Что действительно отсутствовало в американской жизни, так это скорее нищета и нужда, а не бедность, так как на американской почве в значительной мере сохранялись "противоречия между богатым и бедным, трудолюбивым и бездельником, образованным и неучем"; и именно эти противоречия занимали умы основателей, которые, невзирая на процветание своей страны, были убеждены, что данные различия - "столь же древние, сколь и распространенные по всей земле - вечны"[99]
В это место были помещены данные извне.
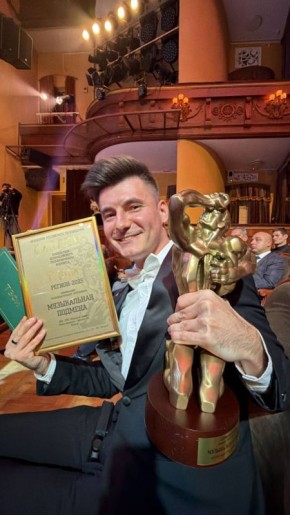 Евгения Уваркина: Липецкое телевидение — на высоте!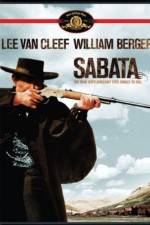 Watch Sabata Movie25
. И тем не менее, поскольку трудящиеся классы в Америке были хоть и бедными, но все же не нищими - свидетельства путешественников из Англии и с континента едины в своем удивлении: "На всем пути в 1200 миль я не встретил ни одного человека, кто просил бы подаяния" (Эндрю Бернаби), - нужда не оказала сколь-нибудь заметного влияния на революцию. Проблема, с которой столкнулась американская революция, была не социальной, но политической: она затрагивала не устройство общества, но форму правления. Ее суть заключалась в том, что "постоянный тяжелый труд" и недостаток досуга автоматически исключали большинство населения из активного участия в управлении - хотя, конечно же, не лишали его свободы быть представленным и избирать своих представителей. Однако представительство есть не более чем вопрос "самосохранения" или своекорыстия, оно призвано обеспечить безопасность жизни рабочих и защитить их права от нарушений со стороны правительства. Представительство, будучи по своей сути отрицательным гарантом, ни в коей мере не предполагает подлинного участия большинства в политике, оно неспособно пробудить в людях ту "страсть к исключительности" - "желание не только быть равным или похожим, а превосходить", - которую Джон Адамс вслед за самосохранением считал "важнейшим побудительным мотивом человеческих поступков"[100]. Таким образом, проблемой бедных - после того как их самосохранение оказалось гарантированным - стало то, что они оказались за кулисами публичной сцены, на которой исключительность могла бы себя проявить. Где бы они ни находились, они пребывали во тьме.Вот как это видел Джон Адамс: "Совесть бедняка чиста; и все же ему стыдно... Он ощущает себя вне поля зрения других, пробираясь на ощупь в потемках. Человечество его не замечает. ... В гуще толпы, в церкви, на рынке ... он в такой же темноте, как если бы находился на чердаке или в подвале. Его не осуждают, не порицают, не попрекают; его всего лишь не видят ... Быть всецело незамеченным и сознавать это - невыносимо. Если бы Робинзон Крузо на своем острове имел Александрийскую библиотеку и был уверен, что никогда снова не увидит лица человека, открыл бы он когда-нибудь книгу?"[101]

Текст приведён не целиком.